It is not just that we must admit our finitude and limited knowledge, nor merely the irreversibility of time, because the reneging that learning entails makes us ashamed of our former beliefs (a genuine hauntology), as of the false assurance of projecting ourselves into eternity (confused with the universal). Nothing testifies to the traumatic character of history better than the collapse of empires, ideologies, religions—as former communists knew, but even more so former Nazis such as Reinhart Koselleck (The Future Past), theorist of the “horizon of expectation” confronted with the “field of experience”. He alone among historians was truly attuned to this retrospective dimension of remorse and guilt in history, its most unbearable side. Who am I, indeed, if I can repudiate myself? Yet that is what we do constantly—fortunately—in any reflection or learning: a fundamental infidelity of retrospective time that changes and judges us. Though it is common to swear fidelity, that is promising more than we can keep; the future does not belong to us, no matter how dogged our resolve—even if familiarity can strengthen attachment, which is another matter.
That we do not know everything does not mean we know nothing or can do nothing; it only means we must follow a knowledge in progress and heed the lessons of experience. It is not that we cannot extract a philosophy of history and its great stages—only that it is always provisional and at the mercy of what comes next (cosmic, volcanic, pandemic, ecological, economic, political catastrophes). The relatively unpredictable character of the future is ontological, even though that does not at all prevent us from making forecasts—on the contrary, it forces a cycle of anticipation → surprise → correction → revised anticipation. This fundamental retroactive structure of lived and historical time is not reducible to a series of punctual ruptures but pervades all our experience, despite habits and long periods of apparent stability that seem to fill the whole stage—the reign of the past. Almost everything can be forecast, but always in an indispensable and fallible (probabilistic) way.
Real temporality remains that of an uncertain world in which information owes its value to improbability, temporarily reducing uncertainty before changing under external causation—a temporality made of projections into the future and of their after‑the‑fact check, which was unforeseeable beforehand, even though the unforeseen and improbable are never irrational for that reason.

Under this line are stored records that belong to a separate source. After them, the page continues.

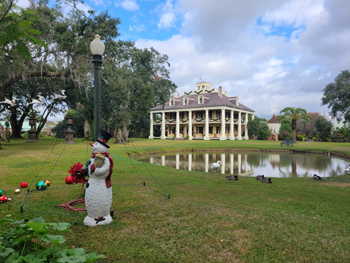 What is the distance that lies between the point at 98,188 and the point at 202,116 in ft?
136

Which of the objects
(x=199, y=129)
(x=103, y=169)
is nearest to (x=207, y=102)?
(x=199, y=129)

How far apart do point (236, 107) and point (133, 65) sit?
21.3 metres

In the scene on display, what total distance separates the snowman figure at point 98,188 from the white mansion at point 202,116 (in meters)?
37.7

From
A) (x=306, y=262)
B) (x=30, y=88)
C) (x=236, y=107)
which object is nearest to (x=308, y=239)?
(x=306, y=262)

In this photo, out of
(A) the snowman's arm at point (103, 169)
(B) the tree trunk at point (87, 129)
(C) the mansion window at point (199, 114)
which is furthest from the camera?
(C) the mansion window at point (199, 114)

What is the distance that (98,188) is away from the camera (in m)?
4.39

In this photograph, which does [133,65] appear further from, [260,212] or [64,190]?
[260,212]

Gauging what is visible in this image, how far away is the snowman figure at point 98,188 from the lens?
434 cm

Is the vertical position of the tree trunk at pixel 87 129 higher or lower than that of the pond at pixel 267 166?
higher

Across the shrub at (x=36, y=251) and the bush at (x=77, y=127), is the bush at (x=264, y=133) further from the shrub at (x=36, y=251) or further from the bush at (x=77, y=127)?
the shrub at (x=36, y=251)

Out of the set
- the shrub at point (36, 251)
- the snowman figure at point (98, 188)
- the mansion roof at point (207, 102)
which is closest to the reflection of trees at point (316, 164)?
the snowman figure at point (98, 188)

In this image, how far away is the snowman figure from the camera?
434 centimetres

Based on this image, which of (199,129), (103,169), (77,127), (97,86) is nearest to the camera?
(103,169)

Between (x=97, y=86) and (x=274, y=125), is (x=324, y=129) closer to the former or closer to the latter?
(x=274, y=125) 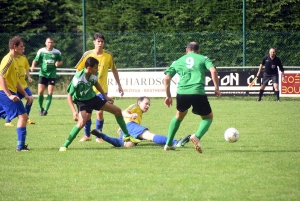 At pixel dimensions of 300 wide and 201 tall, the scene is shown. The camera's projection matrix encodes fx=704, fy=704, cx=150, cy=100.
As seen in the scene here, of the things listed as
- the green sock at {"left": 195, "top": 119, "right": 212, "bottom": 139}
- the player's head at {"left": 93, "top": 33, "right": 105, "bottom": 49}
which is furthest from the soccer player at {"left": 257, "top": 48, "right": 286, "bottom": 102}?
the green sock at {"left": 195, "top": 119, "right": 212, "bottom": 139}

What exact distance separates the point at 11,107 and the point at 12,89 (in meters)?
0.39

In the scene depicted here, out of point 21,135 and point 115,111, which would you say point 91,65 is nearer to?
point 115,111

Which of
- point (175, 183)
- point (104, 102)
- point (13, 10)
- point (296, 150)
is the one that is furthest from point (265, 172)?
point (13, 10)

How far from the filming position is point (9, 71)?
36.7ft

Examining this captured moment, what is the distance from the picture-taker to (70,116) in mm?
18812

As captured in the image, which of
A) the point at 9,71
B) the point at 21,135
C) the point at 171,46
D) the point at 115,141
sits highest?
the point at 9,71

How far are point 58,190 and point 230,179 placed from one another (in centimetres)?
202

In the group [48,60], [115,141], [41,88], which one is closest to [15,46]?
[115,141]

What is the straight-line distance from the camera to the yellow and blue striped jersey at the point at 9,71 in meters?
11.1

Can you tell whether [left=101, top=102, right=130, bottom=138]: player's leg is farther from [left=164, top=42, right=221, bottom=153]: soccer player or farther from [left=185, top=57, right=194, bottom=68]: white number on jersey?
[left=185, top=57, right=194, bottom=68]: white number on jersey

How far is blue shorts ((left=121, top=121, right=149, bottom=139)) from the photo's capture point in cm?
1198

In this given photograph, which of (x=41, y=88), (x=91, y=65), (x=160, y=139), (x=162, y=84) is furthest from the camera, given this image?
(x=162, y=84)

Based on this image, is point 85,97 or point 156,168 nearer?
point 156,168

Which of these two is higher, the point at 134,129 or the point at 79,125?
the point at 79,125
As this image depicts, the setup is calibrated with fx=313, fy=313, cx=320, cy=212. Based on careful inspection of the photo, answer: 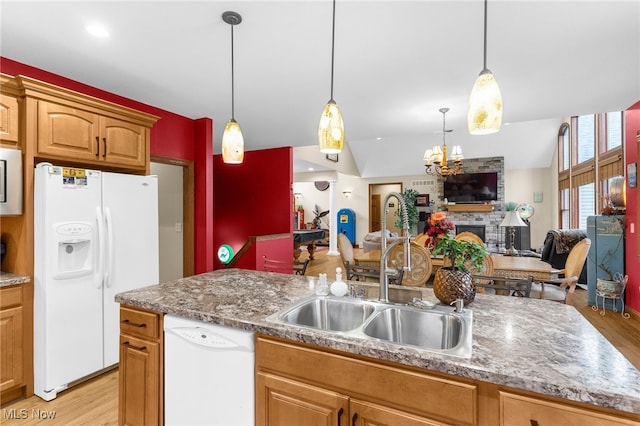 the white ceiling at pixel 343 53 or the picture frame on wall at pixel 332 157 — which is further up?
the picture frame on wall at pixel 332 157

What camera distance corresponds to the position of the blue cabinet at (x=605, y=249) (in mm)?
3945

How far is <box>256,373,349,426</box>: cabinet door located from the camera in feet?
3.82

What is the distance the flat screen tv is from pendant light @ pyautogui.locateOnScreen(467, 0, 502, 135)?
8.68 meters

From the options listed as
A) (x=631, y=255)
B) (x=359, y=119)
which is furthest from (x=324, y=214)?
(x=631, y=255)

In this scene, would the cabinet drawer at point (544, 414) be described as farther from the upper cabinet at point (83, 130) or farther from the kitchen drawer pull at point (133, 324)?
the upper cabinet at point (83, 130)

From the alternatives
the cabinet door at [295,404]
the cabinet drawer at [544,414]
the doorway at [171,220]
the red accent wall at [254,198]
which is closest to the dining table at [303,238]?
the red accent wall at [254,198]

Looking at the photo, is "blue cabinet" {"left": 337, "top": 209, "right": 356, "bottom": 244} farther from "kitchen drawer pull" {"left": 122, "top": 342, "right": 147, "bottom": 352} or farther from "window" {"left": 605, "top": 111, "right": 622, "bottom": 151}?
"kitchen drawer pull" {"left": 122, "top": 342, "right": 147, "bottom": 352}

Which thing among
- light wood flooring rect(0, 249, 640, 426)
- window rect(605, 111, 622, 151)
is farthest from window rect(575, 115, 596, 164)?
light wood flooring rect(0, 249, 640, 426)

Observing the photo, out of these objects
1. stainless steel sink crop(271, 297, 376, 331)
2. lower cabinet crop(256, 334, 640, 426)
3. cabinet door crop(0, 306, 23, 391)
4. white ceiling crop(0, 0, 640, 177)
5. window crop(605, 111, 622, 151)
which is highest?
window crop(605, 111, 622, 151)

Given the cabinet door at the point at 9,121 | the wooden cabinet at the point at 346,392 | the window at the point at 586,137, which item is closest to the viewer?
the wooden cabinet at the point at 346,392

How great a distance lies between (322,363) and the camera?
119 cm

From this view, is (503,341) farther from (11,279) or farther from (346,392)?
(11,279)

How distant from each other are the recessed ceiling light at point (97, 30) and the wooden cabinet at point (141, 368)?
5.70 ft

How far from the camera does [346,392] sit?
1.15m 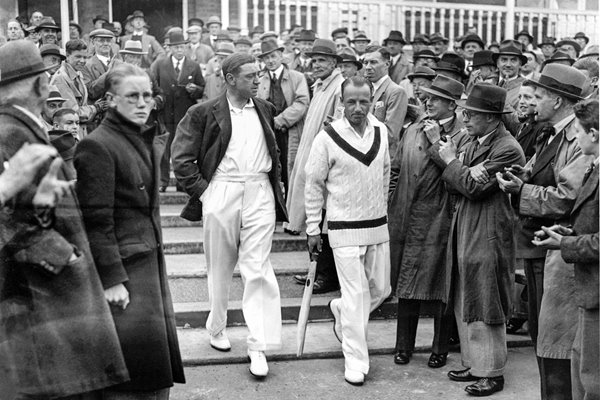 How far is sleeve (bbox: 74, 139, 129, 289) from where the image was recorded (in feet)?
8.96

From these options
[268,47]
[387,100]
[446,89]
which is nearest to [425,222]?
[446,89]

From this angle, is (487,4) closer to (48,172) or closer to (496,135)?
(496,135)

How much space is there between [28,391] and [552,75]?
291 centimetres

That the unforeseen exists does not mean that anything is possible, any utopia popping up from nowhere; on the contrary, the material real thwarts our forecasts and brings us back to rationality (the real is rational—more rational than our reason). If the reversal of 1942 seemed a miracle to those crushed by triumphant Nazism (like Edgar Morin), it was nothing but the end of the “miracle” awaited by exultant Germans dreaming of a thousand‑year Reich, a return to dull normality (“I am forced to admit that everything continues,” Hegel conceded). As with stock‑market crashes, the earlier madness—the hubris—creates the abrupt reversals. If madness or some other improbable anomaly regularly upends the established order, order always re‑forms, a new negation of wild hopes restoring rationality at a higher level in an after‑the‑fact (re)construction. That existence is in itself a miracle must not make us expect further miracles, because even if time can be constructive (in the growth of complexity, for example), it is more often destructive (external collisions or mere internal entropy). The real does not vanish in the face of voluntarism. The miracle of existence has already occurred—nothing more is to be expected!

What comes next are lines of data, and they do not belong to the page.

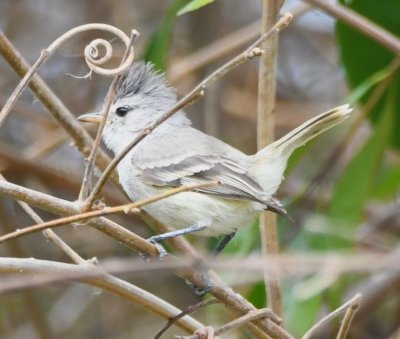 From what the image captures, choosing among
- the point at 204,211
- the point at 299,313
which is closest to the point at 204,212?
the point at 204,211

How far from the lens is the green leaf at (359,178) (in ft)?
9.07

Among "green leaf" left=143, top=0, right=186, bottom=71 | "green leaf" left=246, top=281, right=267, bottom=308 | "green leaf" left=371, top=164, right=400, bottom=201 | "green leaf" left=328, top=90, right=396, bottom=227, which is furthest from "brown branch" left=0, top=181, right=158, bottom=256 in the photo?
"green leaf" left=371, top=164, right=400, bottom=201

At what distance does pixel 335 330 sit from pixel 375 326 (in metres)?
0.46

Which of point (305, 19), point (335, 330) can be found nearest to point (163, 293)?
point (335, 330)

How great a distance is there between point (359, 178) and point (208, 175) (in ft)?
2.27

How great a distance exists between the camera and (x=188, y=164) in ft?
7.64

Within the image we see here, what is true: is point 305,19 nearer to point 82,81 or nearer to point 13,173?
point 82,81

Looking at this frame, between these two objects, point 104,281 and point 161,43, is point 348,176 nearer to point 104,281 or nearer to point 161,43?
point 161,43

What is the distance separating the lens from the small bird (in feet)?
7.13

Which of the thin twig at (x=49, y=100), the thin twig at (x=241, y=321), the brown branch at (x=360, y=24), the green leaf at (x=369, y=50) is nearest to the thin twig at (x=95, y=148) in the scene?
the thin twig at (x=241, y=321)

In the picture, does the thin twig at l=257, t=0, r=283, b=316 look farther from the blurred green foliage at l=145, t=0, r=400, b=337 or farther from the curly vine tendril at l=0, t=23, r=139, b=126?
the curly vine tendril at l=0, t=23, r=139, b=126

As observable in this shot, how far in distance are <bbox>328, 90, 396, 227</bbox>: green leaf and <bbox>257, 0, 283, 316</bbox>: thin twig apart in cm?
67

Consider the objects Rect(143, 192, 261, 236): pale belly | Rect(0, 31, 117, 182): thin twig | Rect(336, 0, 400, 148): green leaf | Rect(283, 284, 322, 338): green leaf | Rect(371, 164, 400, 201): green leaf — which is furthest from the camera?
Rect(371, 164, 400, 201): green leaf

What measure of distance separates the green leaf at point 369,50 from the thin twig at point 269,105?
2.97 ft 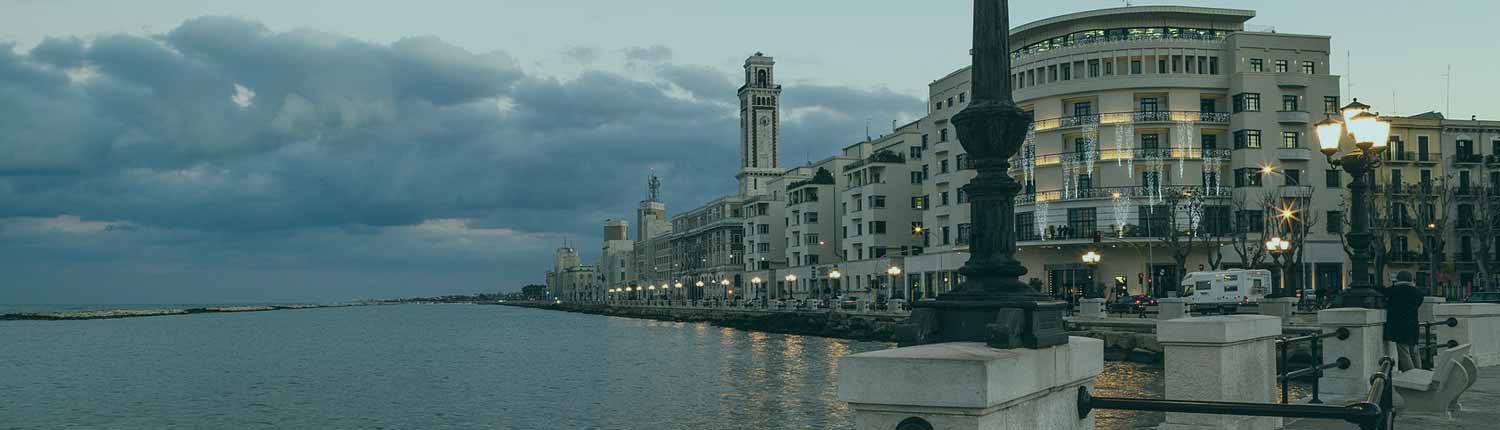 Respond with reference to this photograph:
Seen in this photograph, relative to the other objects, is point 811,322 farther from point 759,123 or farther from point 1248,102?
point 759,123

The probable always remains the most certain, but the very existence of the improbable (including a possible fatal accident) puts us in the paradoxical situation of being unable to project ourselves into any distant future, and yet forced to do so all the time—an incessant activity of the living and their necessary goals, which usually end in routine (otherwise there would be no life). Yet time is change; without it, there would be no evolution. Hence much can be predicted, but not future developments and discoveries, still less the timetable of events and catastrophes. Let us repeat: it is not that the “improbable” becomes the most probable; rather, there are statistical breaks in probability—a surprise (rarely positive) amid ordinary probabilities and countless impossible improbabilities, but each time the break changes the game and brings us back to the real. Dialectic teaches that every negation is partial and overcomes the initial one‑sidedness. Thus we are always caught in a dialectic of forecast–unforeseen, fidelity–infidelity, order–accident. Neither passive skepticism nor voluntarist dogmatism, but the progress of knowledge—history.

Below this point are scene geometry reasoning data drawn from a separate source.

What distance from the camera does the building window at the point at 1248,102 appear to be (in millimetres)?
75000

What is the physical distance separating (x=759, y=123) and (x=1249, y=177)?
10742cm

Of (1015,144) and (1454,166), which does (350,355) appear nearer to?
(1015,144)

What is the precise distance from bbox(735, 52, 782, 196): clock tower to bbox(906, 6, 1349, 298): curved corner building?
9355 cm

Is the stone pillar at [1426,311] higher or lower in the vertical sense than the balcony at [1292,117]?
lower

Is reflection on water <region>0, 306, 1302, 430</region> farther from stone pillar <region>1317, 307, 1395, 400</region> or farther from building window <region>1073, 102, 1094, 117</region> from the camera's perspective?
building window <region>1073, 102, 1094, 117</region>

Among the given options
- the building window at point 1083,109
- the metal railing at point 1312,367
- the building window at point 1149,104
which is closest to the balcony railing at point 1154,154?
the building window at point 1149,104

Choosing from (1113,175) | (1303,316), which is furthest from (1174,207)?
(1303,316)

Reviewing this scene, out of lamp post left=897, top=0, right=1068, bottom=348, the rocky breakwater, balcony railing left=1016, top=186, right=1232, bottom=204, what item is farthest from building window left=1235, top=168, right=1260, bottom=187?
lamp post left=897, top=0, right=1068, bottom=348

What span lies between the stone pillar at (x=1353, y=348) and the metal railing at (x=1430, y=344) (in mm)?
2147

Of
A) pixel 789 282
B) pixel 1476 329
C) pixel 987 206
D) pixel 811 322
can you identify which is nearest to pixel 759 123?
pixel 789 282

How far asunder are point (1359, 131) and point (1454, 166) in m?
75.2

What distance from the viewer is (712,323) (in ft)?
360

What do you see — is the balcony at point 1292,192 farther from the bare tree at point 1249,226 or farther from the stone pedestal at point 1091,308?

If history can be written only after the fact and if it is the after‑the‑fact that characterizes dialectic, historical nachträglichkeit is not merely subjective and contingent (as in Cournot), an updating relative to the present; it issues in a necessary evolution, selected by an effective real, in the emergence of the new or of failure. Such final rationalization challenges earlier projections, as in any learning or retrospective reflection (or in the surprises of music). To avoid simplism here too, we must, however, distinguish several sorts of after‑effect—practical, cognitive, historical, narrative—yet all of them fall under the fundamental retroactive structure of temporality, from cybernetic feedback to natural selection or market sanctions. Time is not linear. It is not just past, present, or future, but rather failure, revision, correction, constant feedback in the face of the unforeseen that constitutes temporality as the radical exteriority of the real. That after‑effect can be as objective (results, balance sheets, interactions, adjustments) as it is subjective (time to understand, “quilting points”, reinterpretation, re‑inscription, repetition that makes sense). It is not always immediate when it concerns economic or ecological collapse. Economic determination, as Engels said, operates not mechanically but only “in the last instance”, imposing itself over longer spans on political and ideological wanderings that can no longer sustain “the production and reproduction of real life” (which is precisely what communism fell victim to). This can be seen as a delayed constraint, yet it is better understood as nonlinear causality. The real puts up no opposition to the wildest ideas until they are put into action; only afterward does it push back.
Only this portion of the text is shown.